Updated

Just days after the shuttle Columbia (search) disaster, a NASA (search) employee at headquarters proposed scrubbing the agency's safety office Web site to remove outdated or wrong information that could become "chum in the water to reporters and congressmen."

"We wouldn't want to be sucker punched by someone based on something we have posted," employee Wilson Harkins wrote in an e-mail released this week by NASA.

NASA said Thursday that 18 routine documents were added to the Web site since the accident and none was removed. Spokeswoman Melissa Motichek said Harkins was trying to make sure the site was accurate and up-to-date.

"The e-mail speaks for itself," Motichek said.

A former NASA investigator, Joseph Richard Gutheinz, said that in the aftermath of the shuttle accident it was inappropriate for NASA to suggest removing any documents until they were reviewed by investigators.

"Whenever you have an investigation, everything should freeze," said Gutheinz, who worked in NASA's inspector general office for 10 years. "You don't get rid of anything. You have a duty to your country, to the NASA program and the investigation to allow them to see everything you have before you start tossing this stuff."

Harkins' e-mail and other newly disclosed documents describe how NASA was braced for the investigation into the Columbia tragedy.
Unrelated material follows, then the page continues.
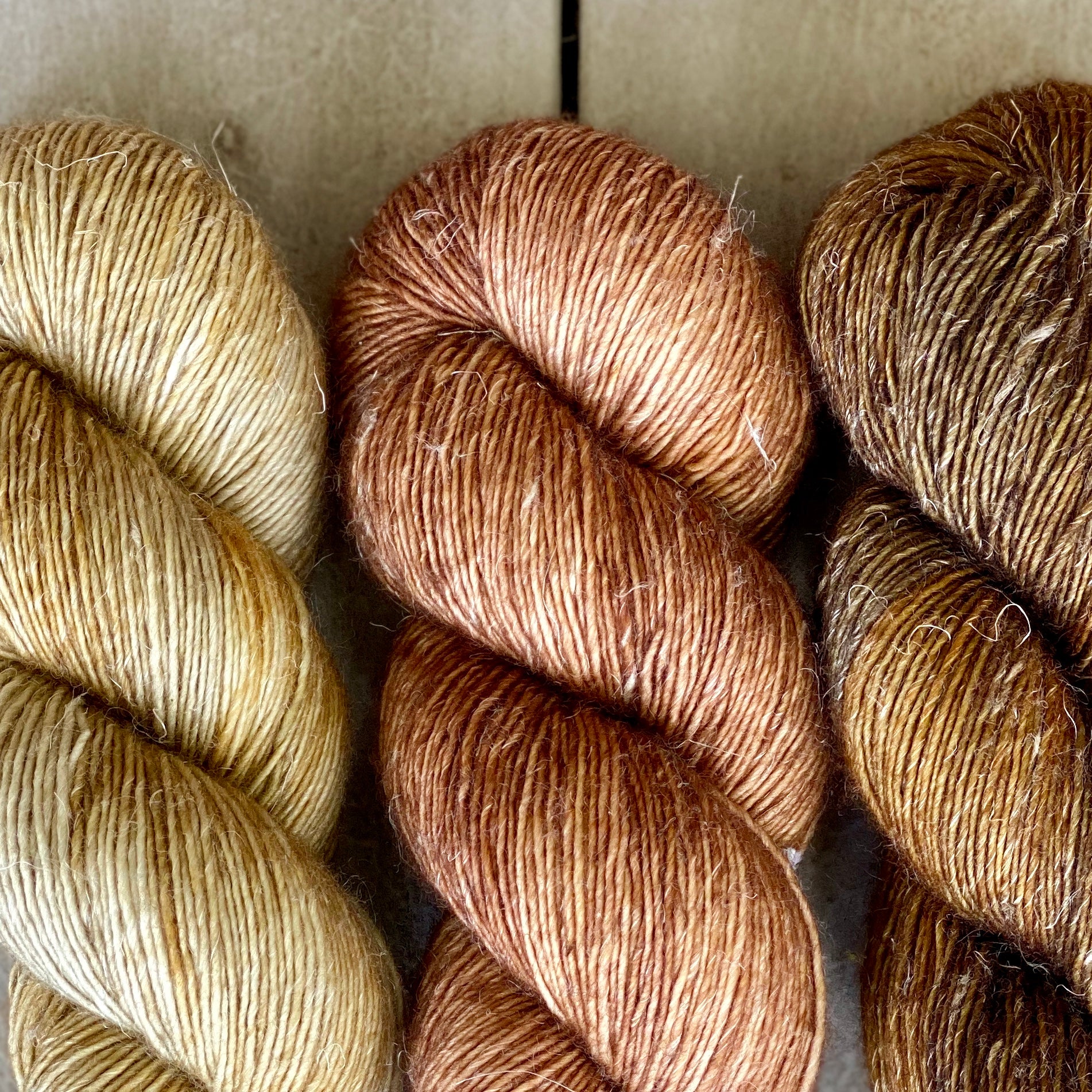 Trio of Merino Linen (fingering weight), Wheat, Baby Bella & Oil Rubbed Bronze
Harkins urged that the agency should review NASA mishap files to answer inevitable questions from "some enterprising newshound or congressional staffer."

"Has anyone done a complete scrub of the Code Q [safety division] Web pages to make sure they are current?" Harkins wrote in a Feb. 6 e-mail, five days after Columbia's breakup killed its crew. "Out-of-date or erroneous information is like chum in the water to reporters and congressmen."

Harkins was on vacation Thursday and did not return messages left at his home and office. The recipient of the e-mail, manager John Lemke, has retired and did not return a message left at his home in Virginia.

The e-mail emerges as NASA Administrator Sean O'Keefe (search) promises that his agency will radically change its culture in response to a stinging investigative report that partly blames the agency's bureaucracy for the shuttle's demise.

Columbia investigators have publicly praised NASA for its cooperation, and one outside public relations executive said it is common for large organizations in the midst of crisis to make every effort to provide consistent and accurate information.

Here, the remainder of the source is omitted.